We have also removed a situation where some cron jobs were run twice if they occurred while the Darklang backend was deploying.
- You can now put a lambda in a variable and pipe into it.
- Most error messages are improved, especially for bad input.
- Several bottlenecks to outbound HTTP requests have been identified and removed
- JSON output is now significantly faster
- When reading strings from a user, the string is only passed over once.
- Traces are now stored in the background, after a request has completed, greatly reducing response time on HTTP requests to Dark programs.
- Dark has moved to more powerful cloud machines, going from Google' Cloud's deprecated N1 machines to extremely powerful T2D machines (2.3x faster)
- There is now a Status page.
- Dark's internal firewalls have been significantly improved
- We have upgraded a lot of internal infrastructure, such as Kubernetes and cert-manager.
- We can now sample traces for large canvases instead of saving every trace.
- Removed nginx from builtwithdark.com requests.
- Moved to autoscaling for some parts of our infrastructure.
There are a number of breaking changes. I know, Dark is designed to have your code continue to run in the exact same way forever. However, I think these small changes – required to switch over completely to the rewritten backend – were worth it.
Note that all breaking changes were announced in advance, often many months in advance, via the changelog. We also very carefully deployed the new versions, carefully watching all user canvases and routes to ensure they continued to work the same. As far as we can tell, only 3-4 users had minor issues, which we caught and fixed.
There is only one breaking change that we are annoyed about, which is that we no longer correctly convert some Unicode characters when calling
String::toLowercase. This is due to .NET (in which Darklang is now implemented) not supporting "full" Unicode mapping.
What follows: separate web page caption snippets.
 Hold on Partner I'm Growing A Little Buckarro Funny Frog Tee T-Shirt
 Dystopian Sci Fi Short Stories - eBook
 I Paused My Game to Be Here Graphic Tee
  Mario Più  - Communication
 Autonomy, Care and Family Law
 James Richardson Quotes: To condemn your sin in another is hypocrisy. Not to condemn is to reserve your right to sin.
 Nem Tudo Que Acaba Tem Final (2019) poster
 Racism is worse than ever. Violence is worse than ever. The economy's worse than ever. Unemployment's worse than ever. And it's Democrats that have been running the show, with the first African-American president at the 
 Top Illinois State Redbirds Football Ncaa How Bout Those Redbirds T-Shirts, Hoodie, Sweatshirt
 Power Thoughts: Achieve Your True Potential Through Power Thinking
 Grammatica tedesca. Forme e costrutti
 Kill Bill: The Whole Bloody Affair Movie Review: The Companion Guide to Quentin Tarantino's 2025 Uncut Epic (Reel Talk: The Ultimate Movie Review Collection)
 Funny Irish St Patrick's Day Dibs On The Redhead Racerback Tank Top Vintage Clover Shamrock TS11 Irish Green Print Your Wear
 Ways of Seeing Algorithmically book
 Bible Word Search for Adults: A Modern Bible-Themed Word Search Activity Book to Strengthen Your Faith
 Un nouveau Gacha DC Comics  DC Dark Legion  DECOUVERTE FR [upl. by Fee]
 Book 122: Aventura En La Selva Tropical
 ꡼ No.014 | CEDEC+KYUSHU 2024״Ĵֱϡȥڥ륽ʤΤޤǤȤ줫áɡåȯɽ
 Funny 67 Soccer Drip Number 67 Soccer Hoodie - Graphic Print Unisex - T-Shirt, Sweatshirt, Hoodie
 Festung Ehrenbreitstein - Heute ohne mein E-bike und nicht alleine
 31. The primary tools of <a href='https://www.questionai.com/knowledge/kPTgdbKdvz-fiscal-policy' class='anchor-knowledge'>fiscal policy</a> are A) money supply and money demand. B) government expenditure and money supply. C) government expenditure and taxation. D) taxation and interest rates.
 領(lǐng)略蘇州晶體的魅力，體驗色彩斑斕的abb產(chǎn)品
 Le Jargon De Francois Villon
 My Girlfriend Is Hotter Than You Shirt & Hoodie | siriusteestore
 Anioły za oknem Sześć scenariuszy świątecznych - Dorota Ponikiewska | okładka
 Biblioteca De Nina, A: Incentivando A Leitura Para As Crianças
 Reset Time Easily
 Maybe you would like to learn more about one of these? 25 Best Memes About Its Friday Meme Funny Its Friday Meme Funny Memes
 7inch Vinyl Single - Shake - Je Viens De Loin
We reorganized the Darklang documentation extensively, using the Divio documentation system. This made it a lot clearer what docs were needed, and where they should go. More importantly, it made it clearer why some docs weren't working, allowing us to separate reference material from introductory material, for example.
Finally, we made it easier to contribute, by adding coding guidelines, adding significant documentation to the dark repo, and moved 99% of project collaboration to our public github and public community slack.